The U.S. economy added 142,000 jobs in August—a slowdown after months of relatively strong growth.
The economy had added more than 200,000 a job for the six previous months, fueling analysts’ expectations that 230,000 jobs would be added.
The August numbers were weaker than predicted and also put a damper on some of the job growth earlier this summer. The Bureau of Labor Statistics said there were 28,000 fewer jobs created in June and July than had been initially reported.
The unemployment rate actually fell slightly from 6.2% to 6.1%. However, the labor force participation rate—the proportion of those working or actively looking for jobs—edged downward slightly as well.

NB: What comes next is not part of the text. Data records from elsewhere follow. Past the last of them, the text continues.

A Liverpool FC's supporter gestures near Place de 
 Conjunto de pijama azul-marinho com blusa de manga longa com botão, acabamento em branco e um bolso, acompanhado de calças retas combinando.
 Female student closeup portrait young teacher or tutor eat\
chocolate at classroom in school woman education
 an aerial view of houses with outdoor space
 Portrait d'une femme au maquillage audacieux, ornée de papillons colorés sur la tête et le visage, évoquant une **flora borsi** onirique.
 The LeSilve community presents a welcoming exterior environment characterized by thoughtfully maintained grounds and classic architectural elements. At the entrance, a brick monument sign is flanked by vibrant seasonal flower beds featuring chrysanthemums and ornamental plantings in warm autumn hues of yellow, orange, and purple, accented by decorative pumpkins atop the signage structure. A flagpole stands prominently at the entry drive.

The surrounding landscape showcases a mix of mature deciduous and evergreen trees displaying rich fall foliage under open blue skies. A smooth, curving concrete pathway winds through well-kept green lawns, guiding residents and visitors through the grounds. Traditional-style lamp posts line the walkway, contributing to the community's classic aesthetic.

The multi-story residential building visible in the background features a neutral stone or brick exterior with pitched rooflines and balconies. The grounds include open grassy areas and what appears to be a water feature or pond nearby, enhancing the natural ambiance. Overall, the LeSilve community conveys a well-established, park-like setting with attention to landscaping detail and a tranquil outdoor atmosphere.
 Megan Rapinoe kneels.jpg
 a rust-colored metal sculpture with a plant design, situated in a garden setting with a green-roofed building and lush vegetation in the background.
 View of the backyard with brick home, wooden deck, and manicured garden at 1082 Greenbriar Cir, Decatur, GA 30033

There are signs, however, that at least some of the slowdown is temporary. Retail was one of the major sectors to see job losses, with the food and beverage sector losing 17,000 jobs in August. But BLS attributed some of this loss to ”employment disruptions at a grocery store chain in New England,” appearing to refer to the Market Basket chain, where employees walked off the job to protest the ouster of their company’s CEO.
The disappointing jobs report comes on the heels of brighter economic news: Last week, the economic growth rate for the second quarter of 2014 was revised upward to 4.2%.
“While it’s yet to be seen whether this slower job growth is an anomaly or a new trend, these numbers should give us pause. Adding in this month’s disappointing numbers, job growth this year is still above last year’s average at this time,” the Economic Policy Institute said in a statement.